I went to the movies last night with Frank and Jessica Renee Olivia. We went to see Mysterious Skin at Alamo Drafthouse. It stars Joseph Gordon-Levitt and a relatively unknown actor by the name of Brady Corbet as the central characters with appearances by Elisabeth Shue (The Karate Kid, Adventures in Babysitting, Leaving Las Vegas) and Michelle Trachtenberg (Dawn on Buffy the Vampire Slayer). The movie revolves around the lives of Neil (Gordon-Levitt) and Brian (Corbet) and the events that happened to them the summer they were 8 years old. Brian believes aliens abducted him, blaming memory loss, blackouts and recurring nosebleeds on their experiments. Neil remembers every detail of his Little League coach sexually abusing him. The movie is a gritty, realistic look at the life altering damages of abuse in Neil's life. He willingly, even proudly becomes a prostitute at an early age, seemingly not for the much needed money but to fill the emptiness inside him. Brian is a social misfit living a lonely life and searching for answers.
The movie was hard to watch not only because of the voyeuristic camera angles during the abuse scenes, but also to see the progression of Neil from a carefree child to a jaded young man with vacant eyes. There are several scenes, one involving fireworks and the other a brutal rape that had me cringing in my seat. Those scenes are disturbing and harsh. The character of Brian didn't illicit the same emotional response as I had with Neil until near the end of the movie, when he starts putting the pieces of his puzzle together.
I think what made my viewing most difficult is that the movie is entirely believable and everything from the actors' costumes to the props were year-appropriate. This is a well made Indie flick that does what it is intended to do: make you feel what the characters are feeling and keep you thinking about it long after you've exited the theater. I understood why Neil & Brian's lives had become the way they were. I understood the progression from innocent childhood to unemotional adulthood. I sympathized with prostitution as a way to connect with another person instead of being an illegal way to earn money. Even the use of Neil & Brian's hometown as an implied "safe place" as compared to New York City, where Neil had gone to stay with a friend, is cause for reflection. The small town where Neil suffered months, possibly years of abuse, and where he first embarked on years of being a detached hustler is ultimately shown as his place of salvation.

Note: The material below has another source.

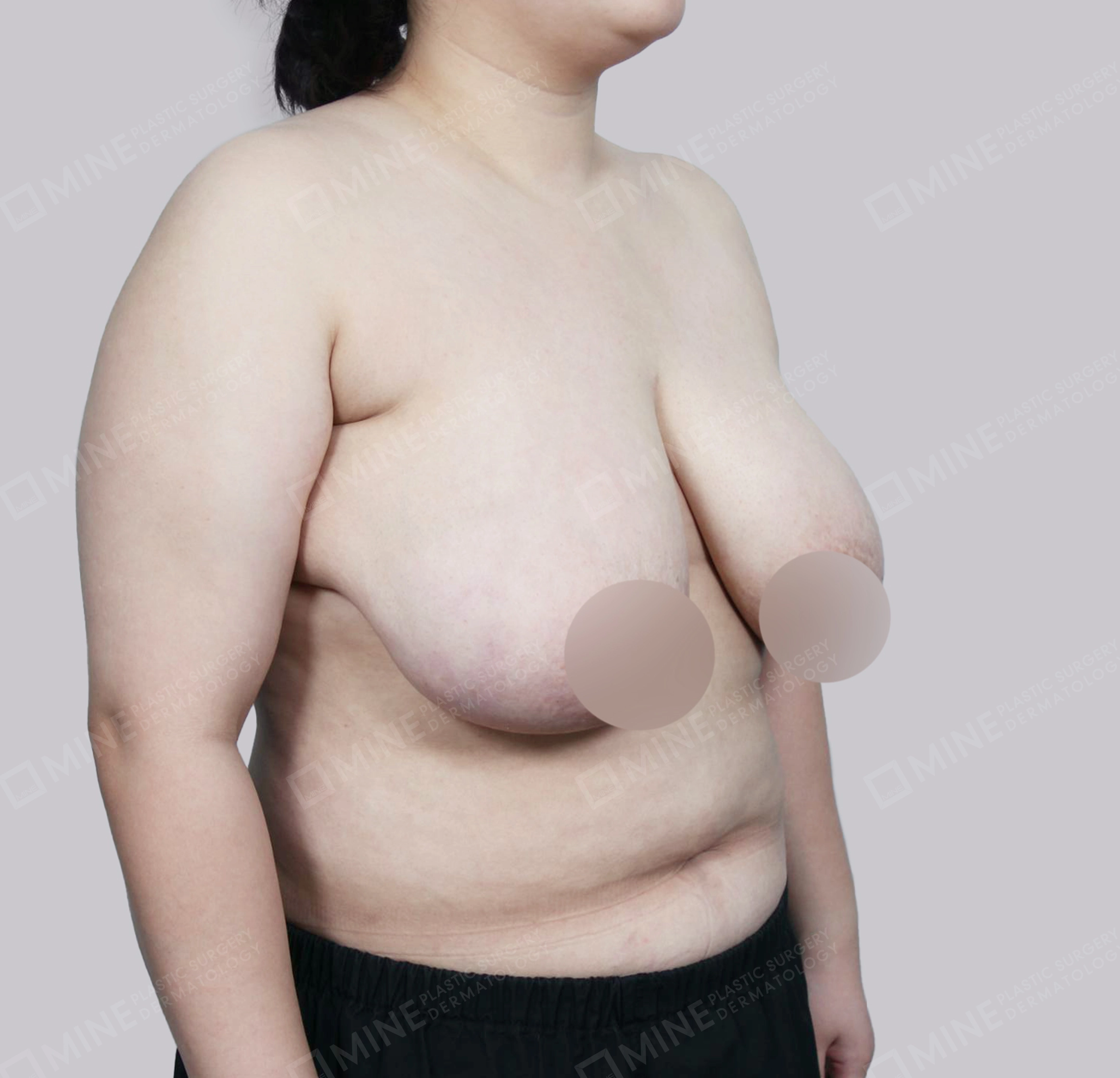 ลดขนาดหน้าอก-45 องศา-ก่อน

If you go to see this movie, which has a limited run nationwide, please be aware that there are some sex scenes that may be shocking for the general public. No frontal nudity is shown, but the cinematography and acting imply enough for your mind to fill in the blanks. All three of us had very personal reactions to the film, so don't be surprised if you carry over your emotional reactions after the movie is over. Both Jessee and I agreed that the movie was difficult to process and we needed time to sort through it all.